++++ DATA FOR THIS TASK ++++

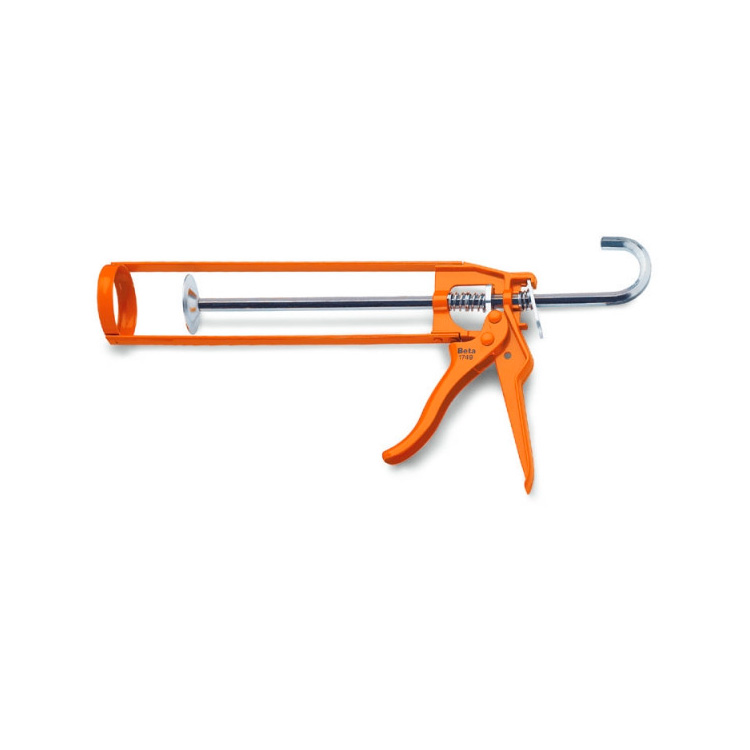 Beta – pistola para isolantes mastique 1749-300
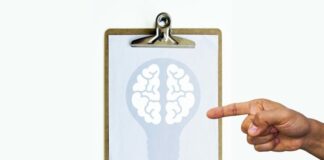 یک ژل معجزهآسا ممکن است تومورهای مغزی را در انسان درمان کند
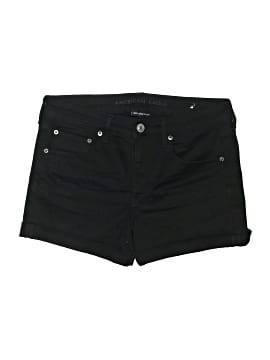 American Eagle Outfitters Shorts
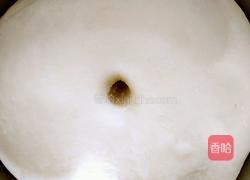 肉松面包卷的做法图解3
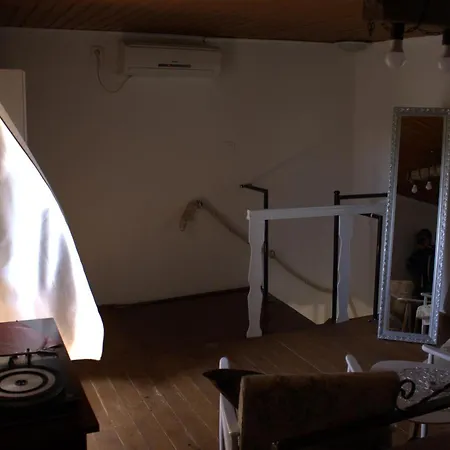 Filich Experience Casa vacanze Labin (Istria)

++++

*ACTIVITY:* The records above are to be duplicated exactly, pictures left out.

*ANSWER TO THE PROBLEM:*
 Beta – pistola para isolantes mastique 1749-300
 یک ژل معجزهآسا ممکن است تومورهای مغزی را در انسان درمان کند
 American Eagle Outfitters Shorts
 肉松面包卷的做法图解3
 Filich Experience Casa vacanze Labin (Istria)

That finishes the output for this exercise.